TransVG icon indicating copy to clipboard operation
TransVG copied to clipboard

Input of Linguistic Branch

Open JJ-res101 opened this issue 4 years ago • 3 comments

Thank you for your excellent work! How does the model get the box of a certain phrase in a sentence? Right now it seems to me that the model can't do that. Is that right?

JJ-res101 avatar Nov 19 '21 07:11 JJ-res101

The box is not annotated to match a certain phrase, but the whole sentence.

djiajunustc avatar Nov 20 '21 16:11 djiajunustc

I think the box is annotated to each phrase in Flickr30K Entities data. As said in your paper, "Flickr30K Entities [38] augments the original Flickr30K [58] with short region phrase correspondence annotations." Maybe the 'Flickr' dataset you use is one box annotation per sentence. Is that right?:)
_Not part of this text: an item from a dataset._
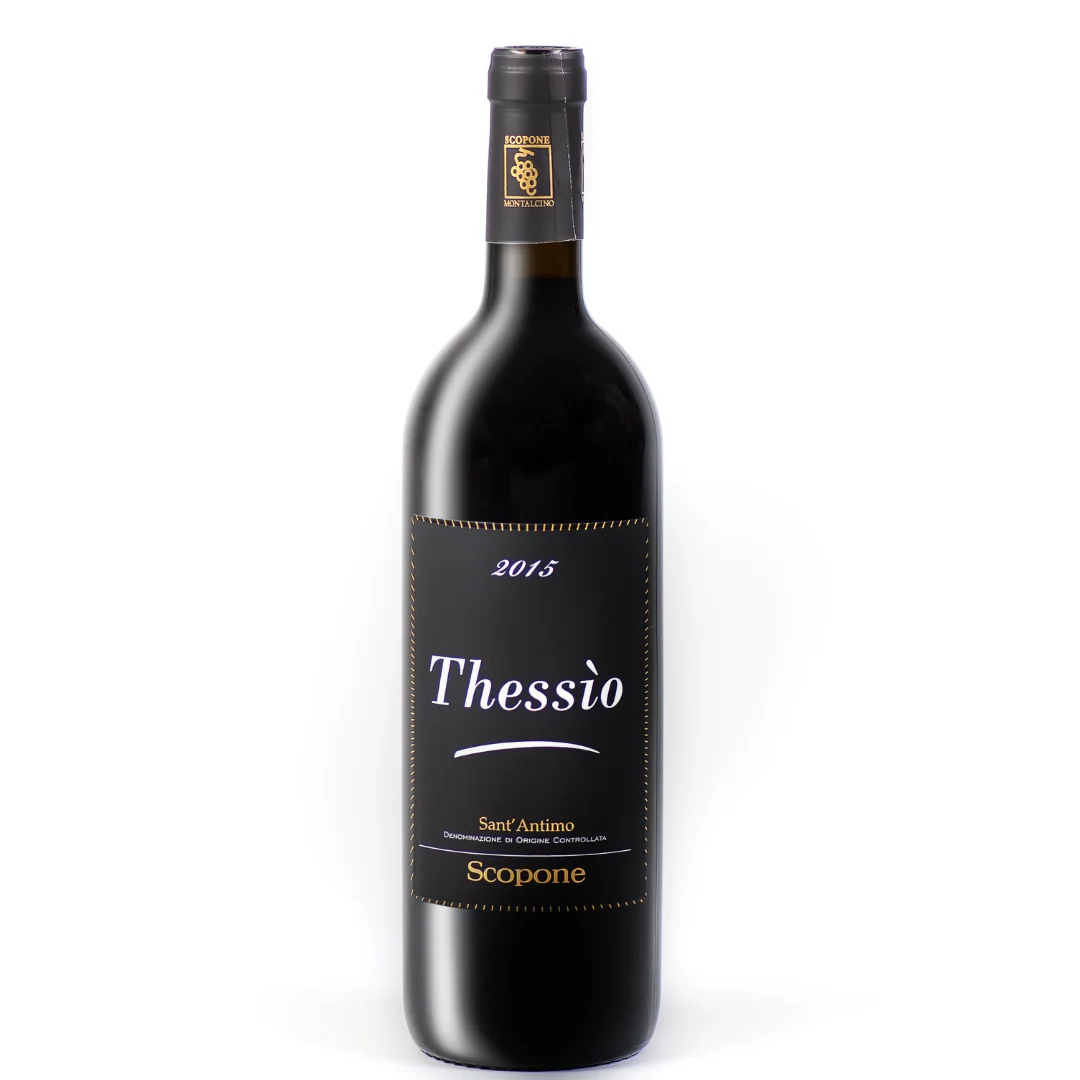 HIGH QUALITY ITALIAN RED WINE IL THESSIO 2015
JJ-res101 avatar Nov 21 '21 01:11 JJ-res101

Just as you cited, "Flickr30K Entities [38] augments the original Flickr30K [58] with short region phrase correspondence annotations." which means the original sentences of Flickr30K are splited to short phrases and each phrase is annotated with a bbox. When training on Flickr30K Entities, each sample is consists of a phrase and a bbox.

jianghaojun avatar Mar 25 '22 02:03 jianghaojun